Lead contamination prompts permanent monitoring at SCC

Simply removing contaminated dirt from the Southwestern Community College shooting range won’t be enough to close out a lead removal project that’s been in the works since April 2014, the N.C. Department of Environmental Quality announced this month. 

The DEQ is asking SCC to install four monitoring wells and a sediment retention pond on the site, with soil testing and sampling to be continued on a permanent, ongoing basis.

“The lead levels did come back high, so that’s not something that we expected to see after having removed so much of the contaminated soil,” said Jamie Kritzer, public information officer for the DEQ. “Anytime that happens you want to move with an abundance of caution to make sure you’re doing everything in the best interest of protecting public health and the environment.”

Lead cleanup on the shooting range began after an April 2014 funding request for shooting range upgrades led to the disclosure that an estimated 60 tons of lead had accumulated in the berm at the end of the 30-year-old range.
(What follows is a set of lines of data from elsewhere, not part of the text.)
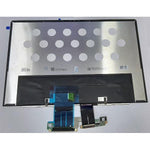 Pantalla lcd para Huawei Matebook X Pro 2022 mas tactil negro calidad premium
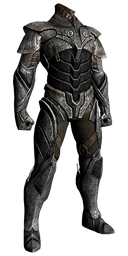DarkPlate-Armor-IB2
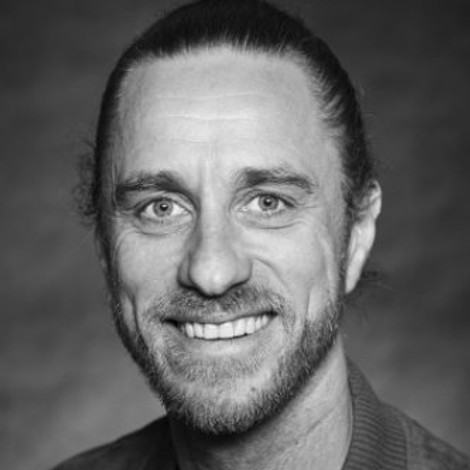 Miska Kaukonen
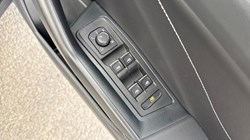 2024 (24) VOLKSWAGEN T-ROC 1.5 TSI R-Line 5dr DSG 5266545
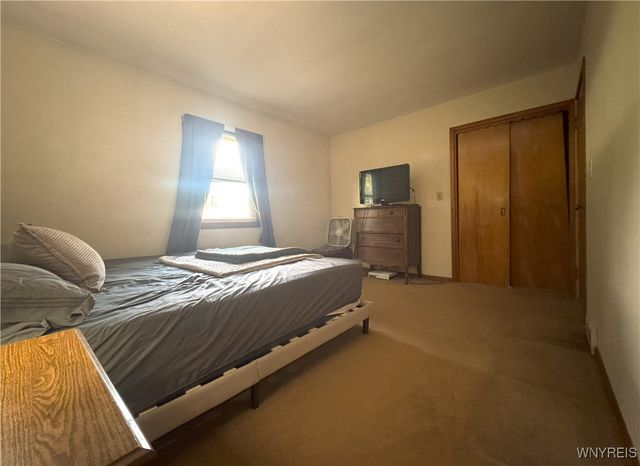 268 Erin Road, Ridgeway, NY 14103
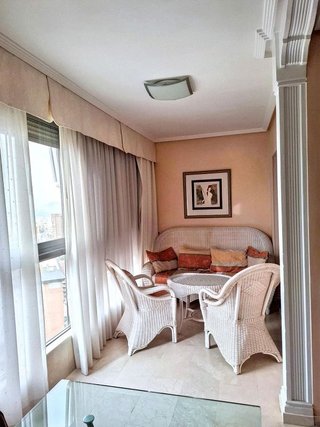 Piso en venta en Rincón de Loix en Benidorm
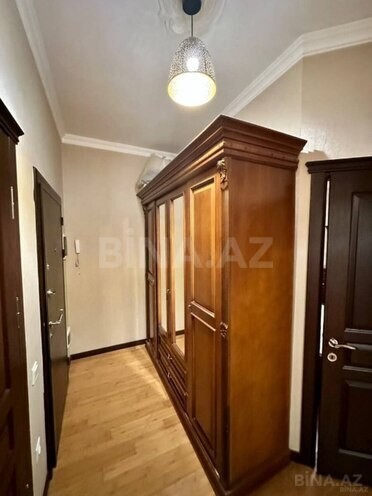 Сдаётся 2-комн. новостройка 56 м², м. 20 января, photo 6 from 14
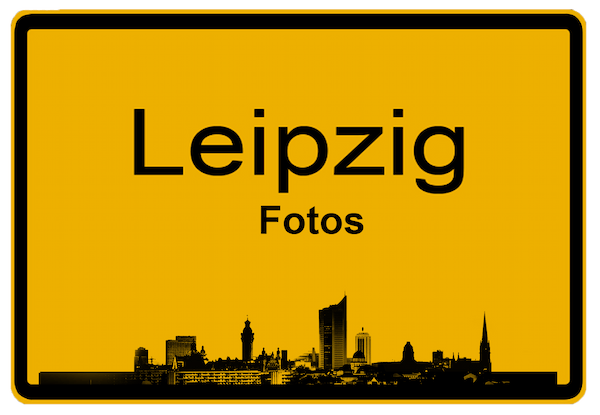 Kundenlogo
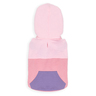 Youly Spring Summer Sudadera Diseño Colorblock Rosa para Perro, Grande Youly Spring Summer Sudadera Diseño Colorblock Rosa para Perro, Grande
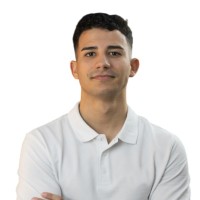 Fernando Rubio Iglesias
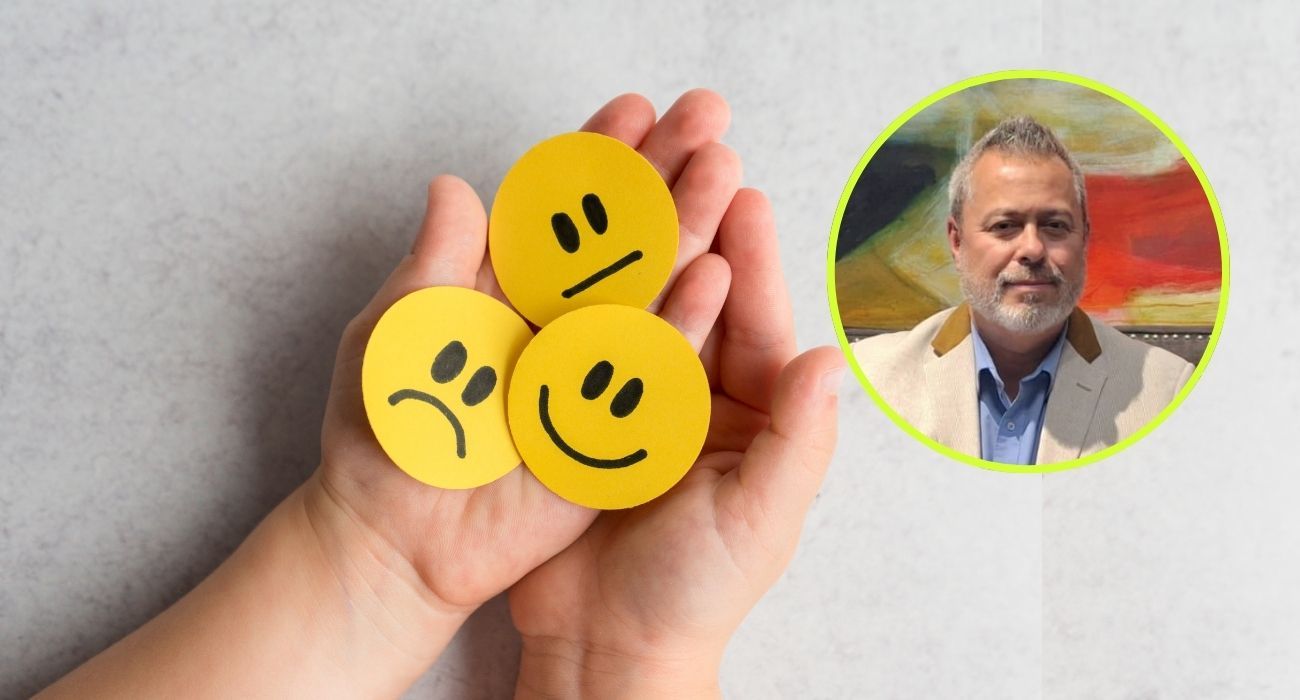 claves para reconocer emociones negativas javier ornelas (1).jpg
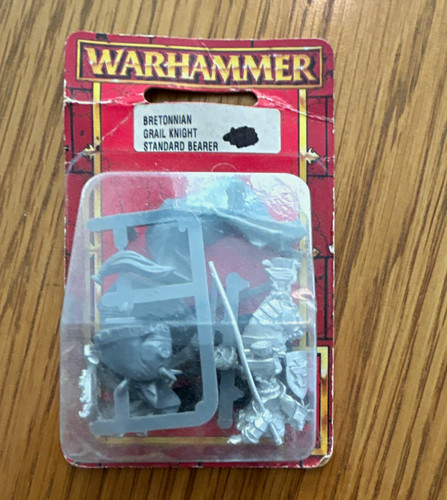 Games workshop warhammer - games,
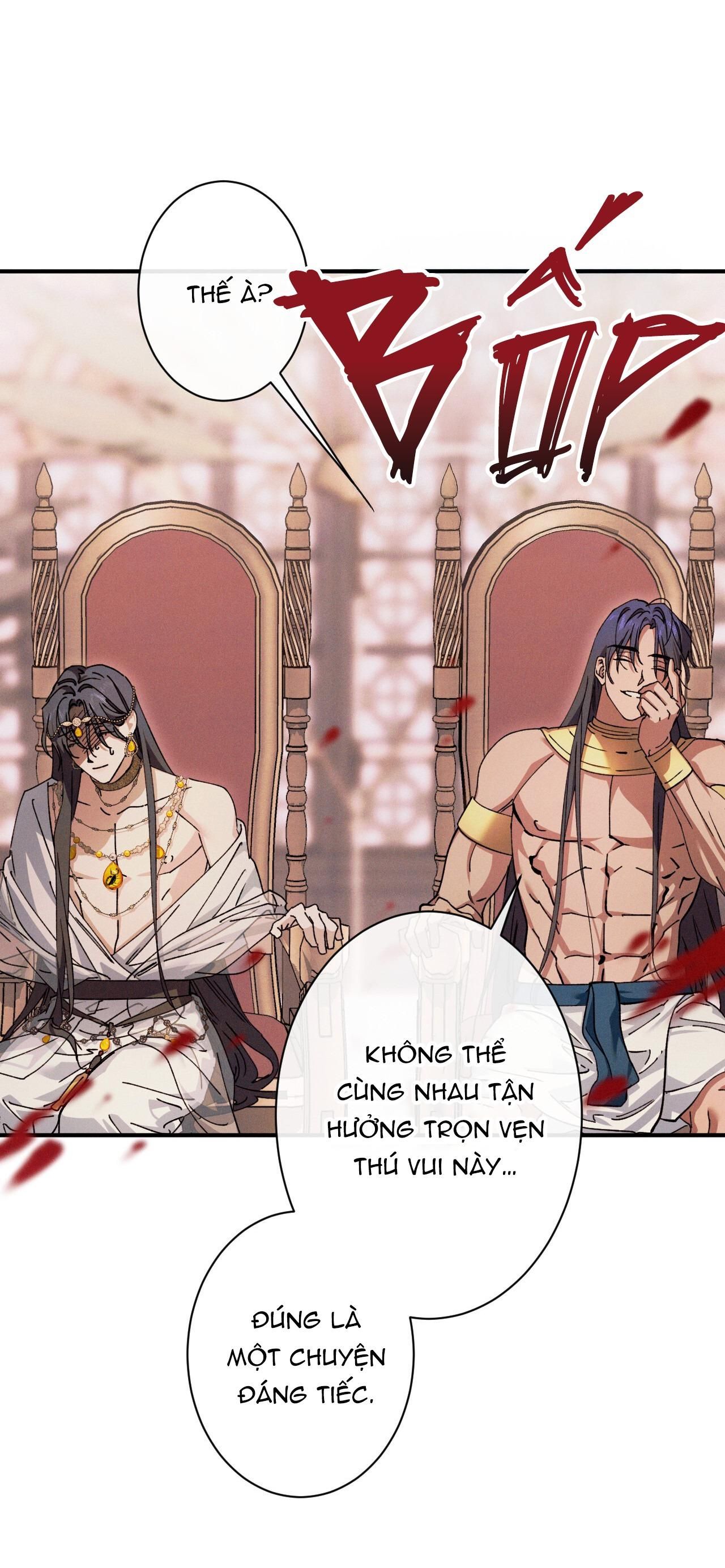 đọc truyện Rắn Nuốt Lựu Chương 2 ảnh 67 tại Thiên Thai Truyện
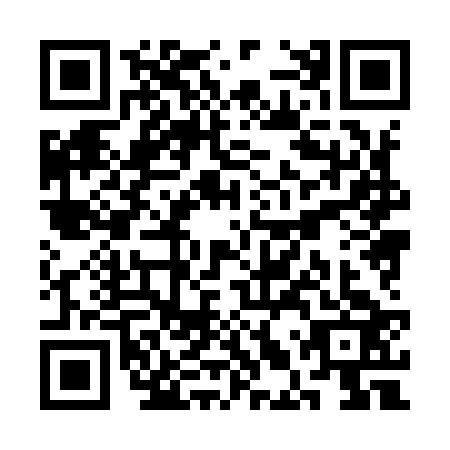 QR code for SLX9236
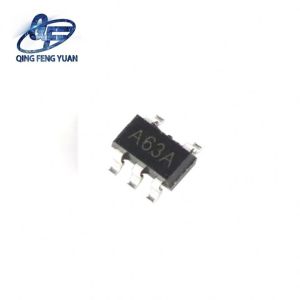 Wholesale Amplifier Original LM321 SOT-23 Electronic Components Kphhs-1005syck from china suppliers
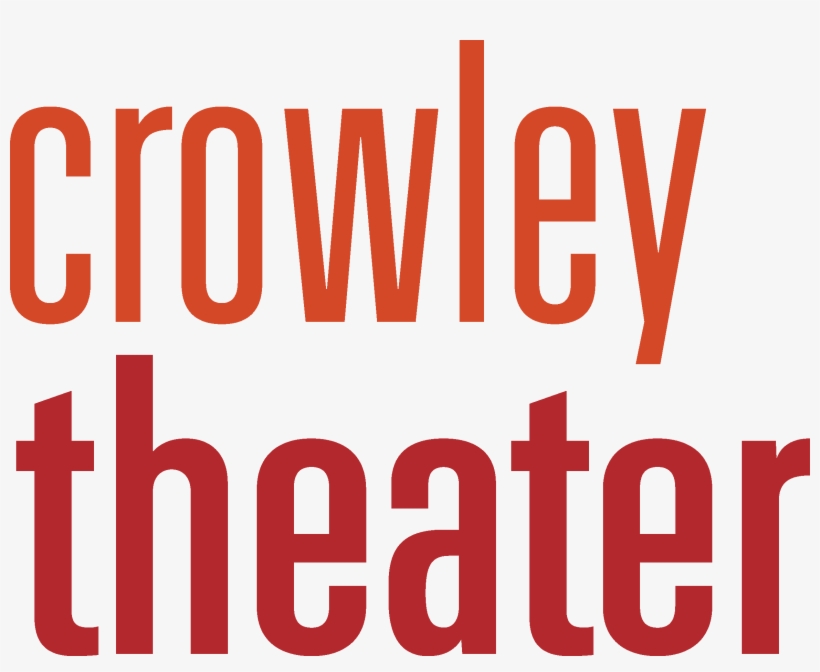 Color, transparent png download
The range sees heavy use from law enforcement professionals and students for training and qualifying activities. 

While lead remediation is not required on shooting ranges that are still in active use, testing revealed lead concentrations as high as 73 times the amount considered safe in an area downhill from the range. 

The plan was to remove the contaminated soil, treat it for disposal and haul it away. SCC contracted with the environmental consulting firm ECS Carolinas to oversee the project and Salisbury-based Containment Control, Inc. to treat and remove the soil. This fall, an estimated 350 tons of soil were excavated and disposed of in a Charlotte landfill, taking about 5 feet off the surface of the affected area.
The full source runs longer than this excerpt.